▶ _Exercise requirements_:
With pictures left out, only the lines from the one containing "마하그리드(MAHAGRID) UTILITY CARGO" through the end of the records should be reproduced exactly, please.

Image-caption web data
□ □ □ □ □

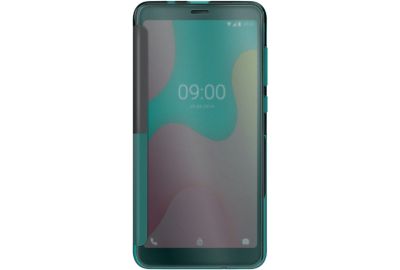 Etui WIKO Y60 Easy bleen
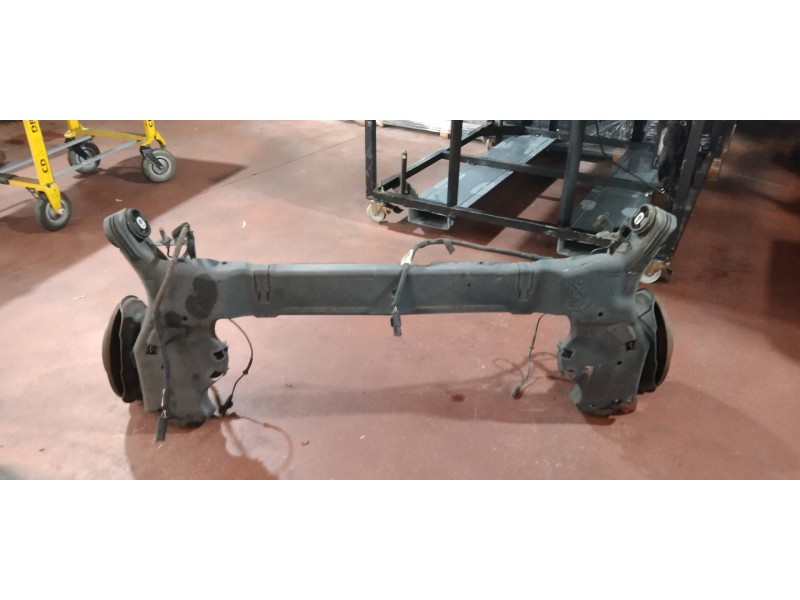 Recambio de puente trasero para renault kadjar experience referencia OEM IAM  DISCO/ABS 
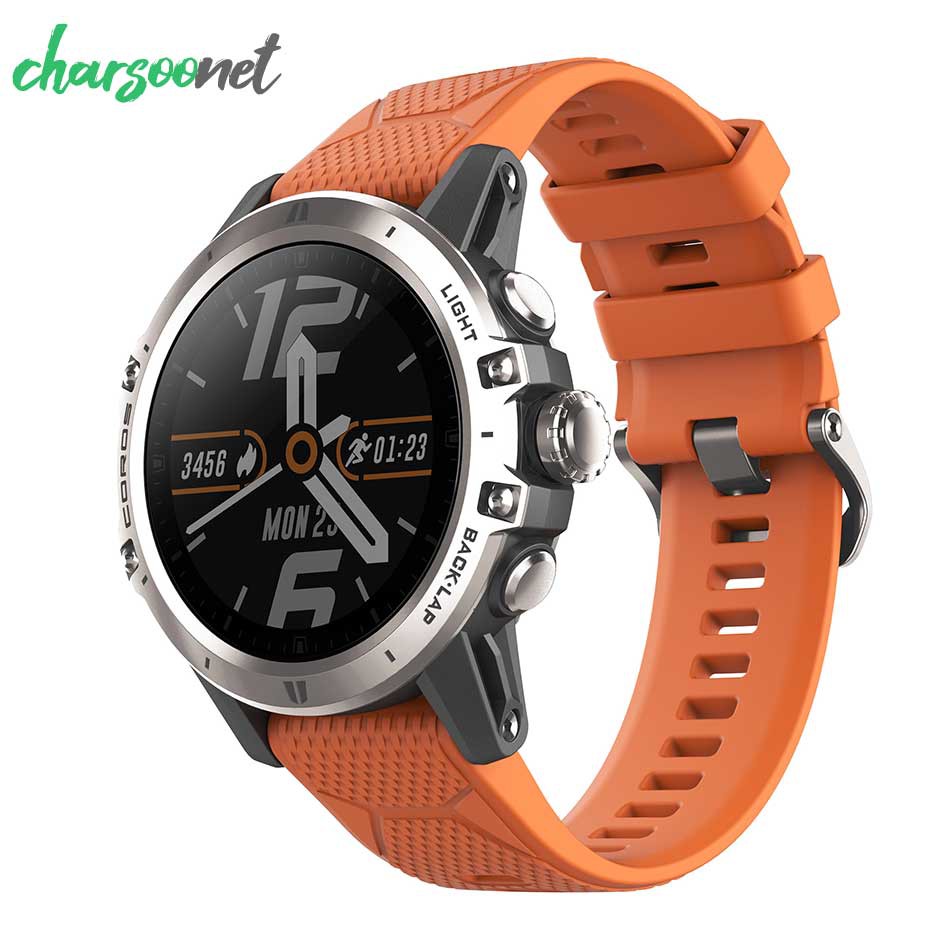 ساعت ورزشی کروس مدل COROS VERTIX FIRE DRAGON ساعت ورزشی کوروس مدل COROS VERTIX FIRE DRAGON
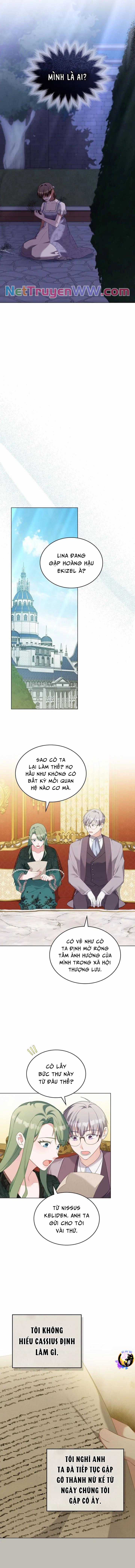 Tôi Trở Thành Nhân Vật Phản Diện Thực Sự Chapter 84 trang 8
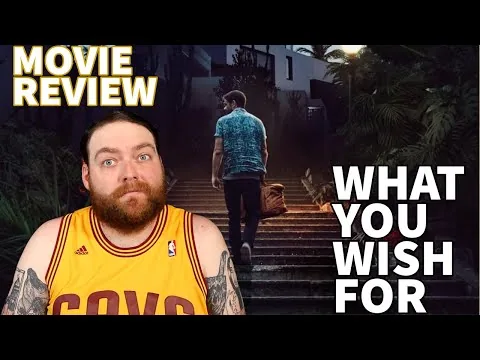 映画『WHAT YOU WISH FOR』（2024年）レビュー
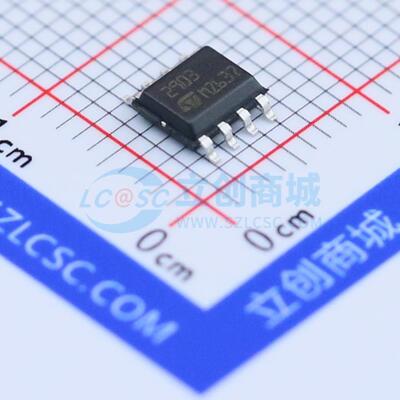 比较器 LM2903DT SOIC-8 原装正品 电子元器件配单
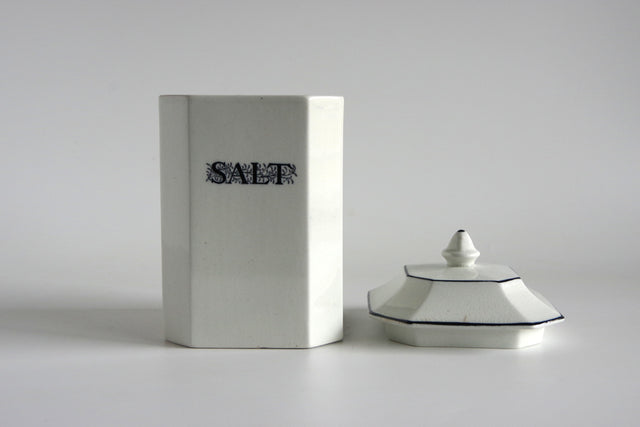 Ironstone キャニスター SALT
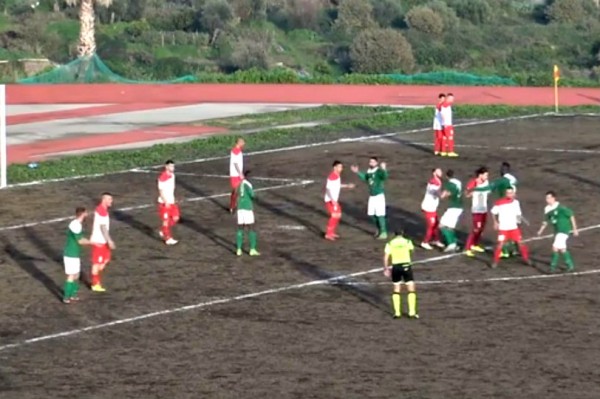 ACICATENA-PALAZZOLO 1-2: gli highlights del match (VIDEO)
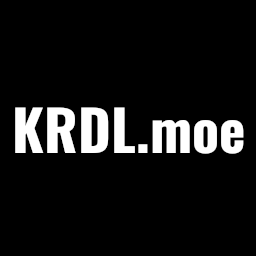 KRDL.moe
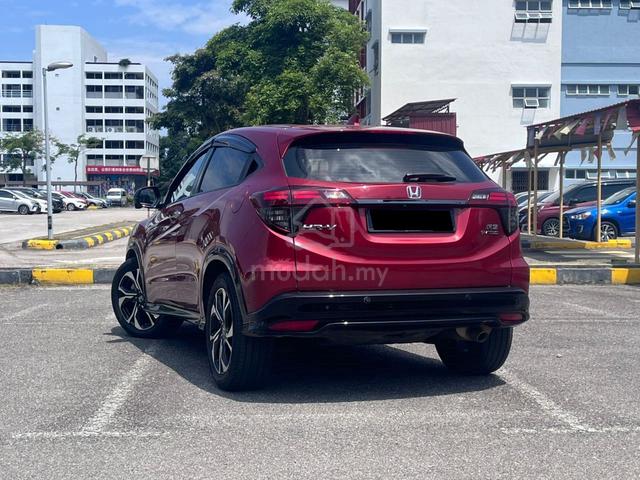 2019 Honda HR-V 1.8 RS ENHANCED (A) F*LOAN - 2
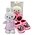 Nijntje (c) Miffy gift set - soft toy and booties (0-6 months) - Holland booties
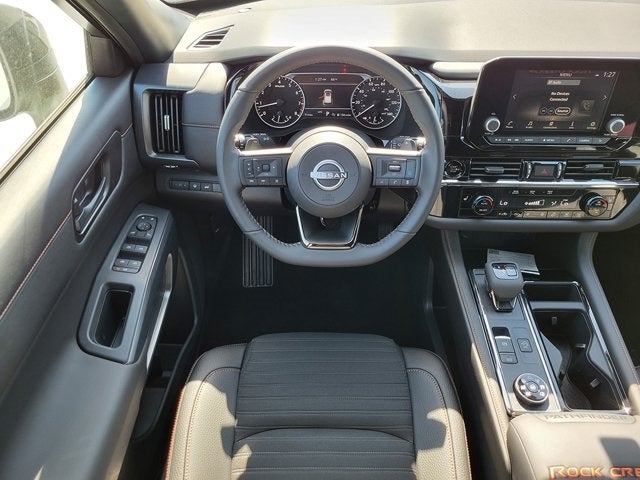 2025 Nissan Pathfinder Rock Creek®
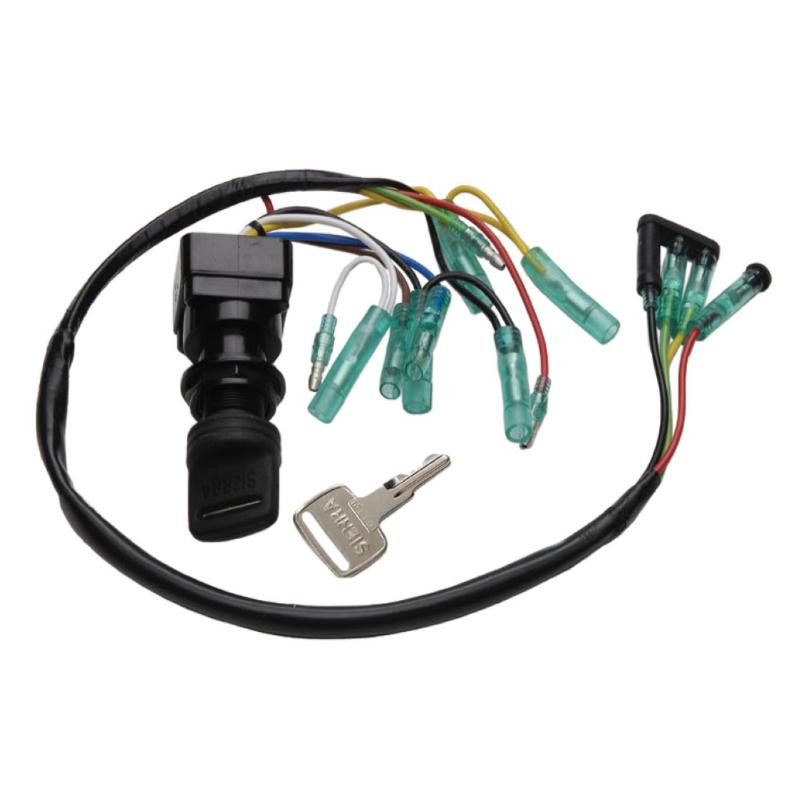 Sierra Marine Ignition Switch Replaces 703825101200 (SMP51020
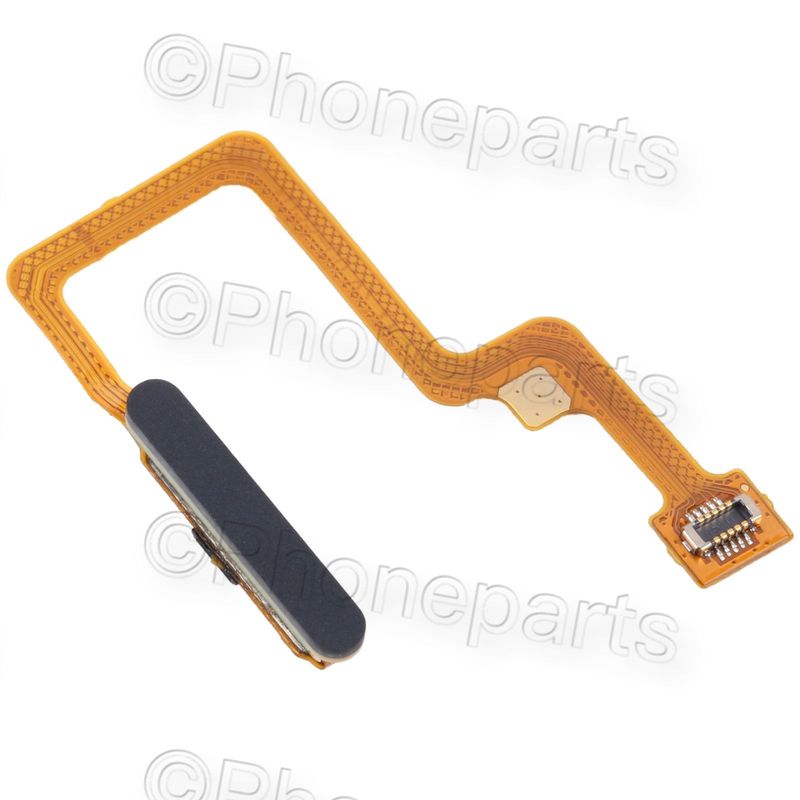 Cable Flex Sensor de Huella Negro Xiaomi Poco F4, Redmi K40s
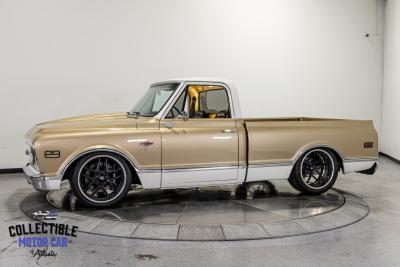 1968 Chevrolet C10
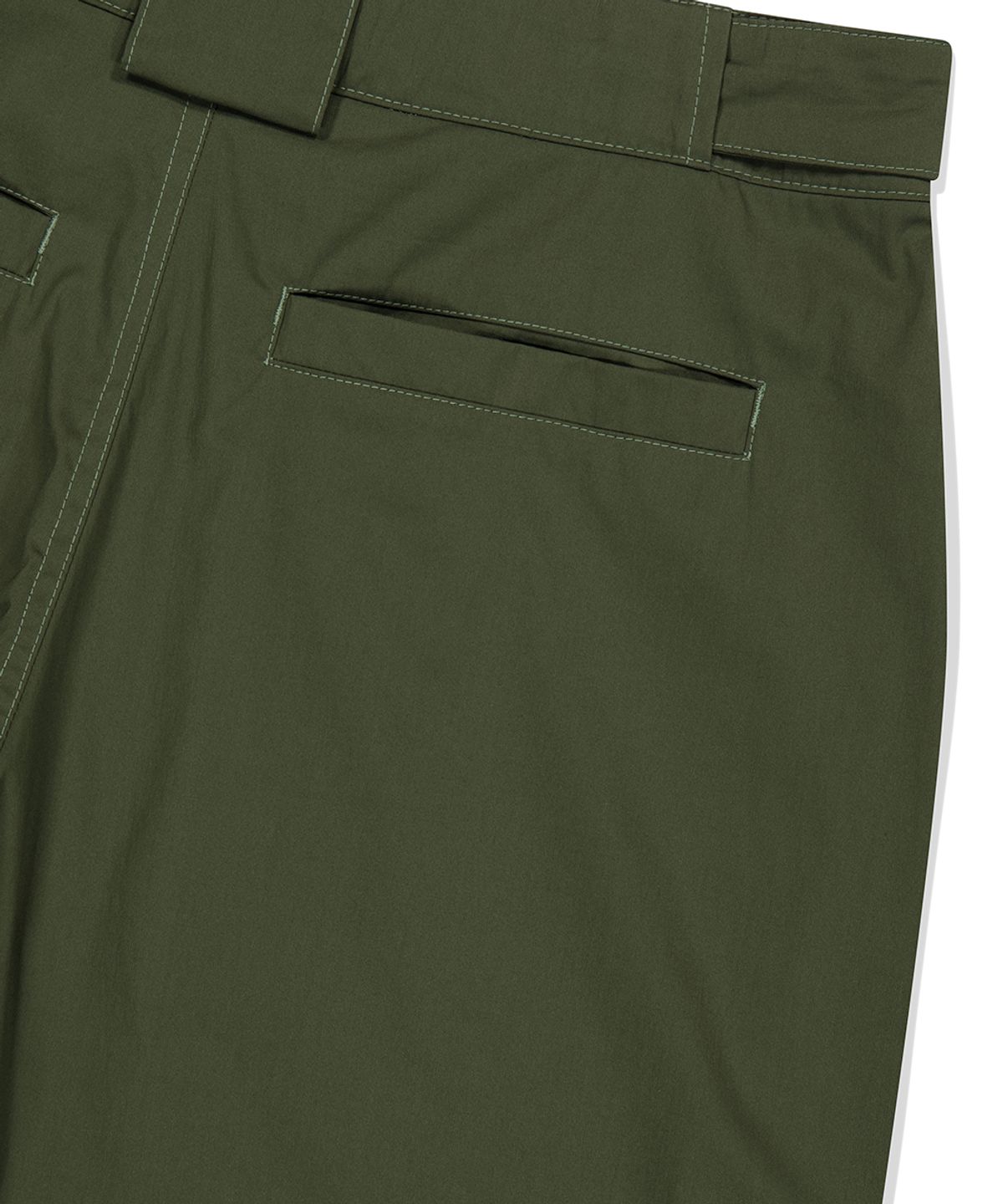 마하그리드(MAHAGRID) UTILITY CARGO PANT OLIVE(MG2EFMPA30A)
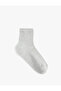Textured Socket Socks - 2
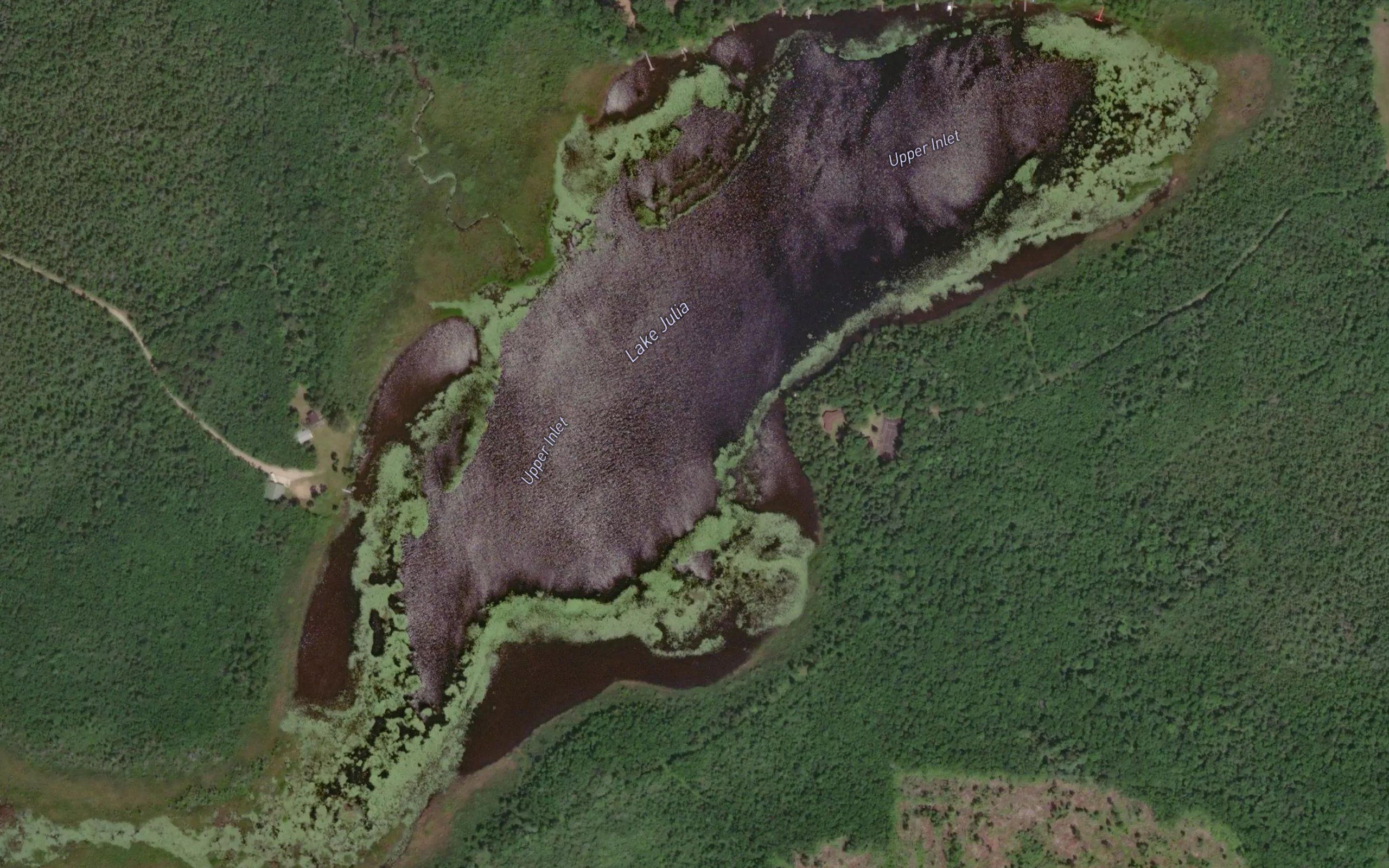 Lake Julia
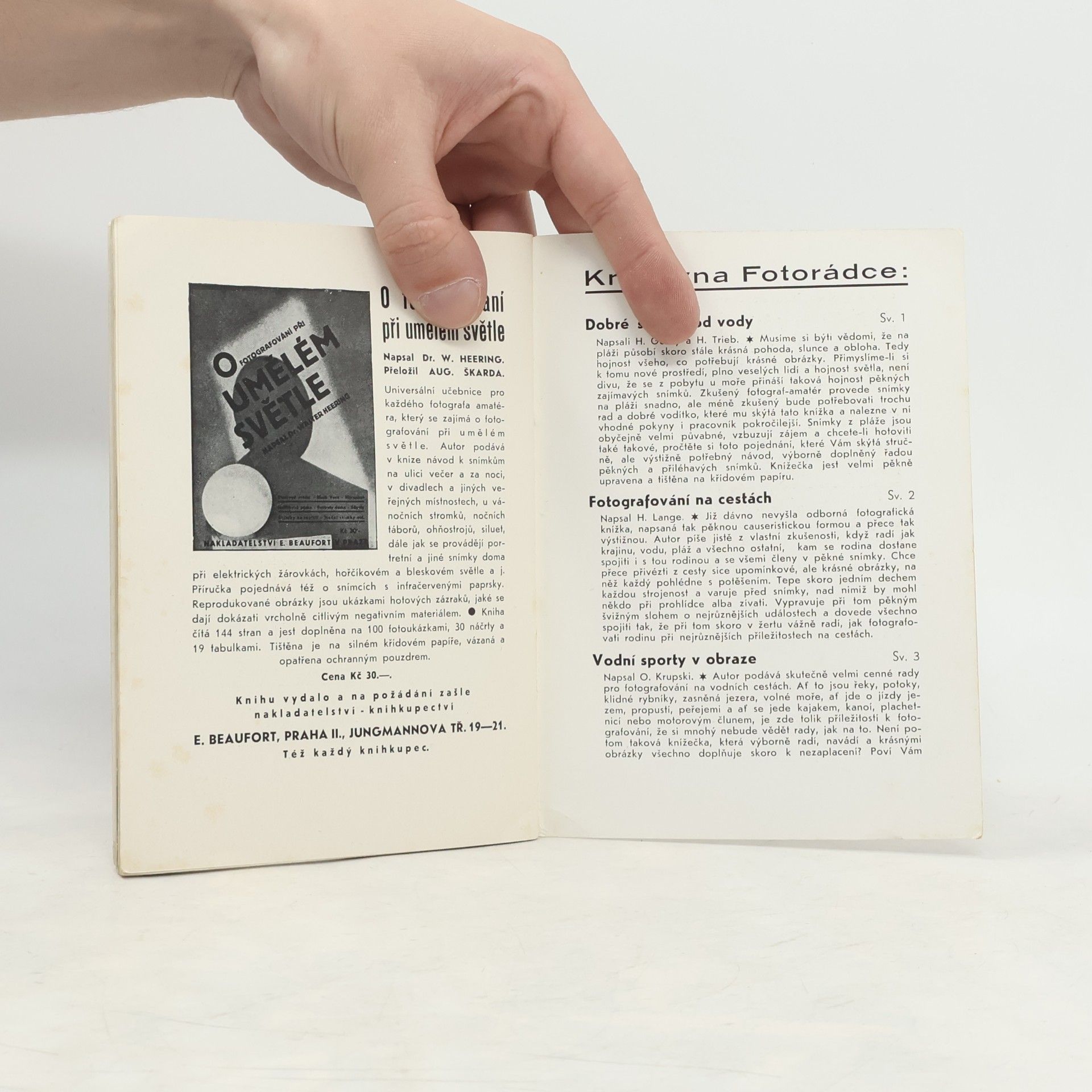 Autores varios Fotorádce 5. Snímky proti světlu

□ □ □ □ □

▶ _Response to the exercise_:
 마하그리드(MAHAGRID) UTILITY CARGO PANT OLIVE(MG2EFMPA30A)
Textured Socket Socks - 2
 Lake Julia
 Autores varios Fotorádce 5. Snímky proti světlu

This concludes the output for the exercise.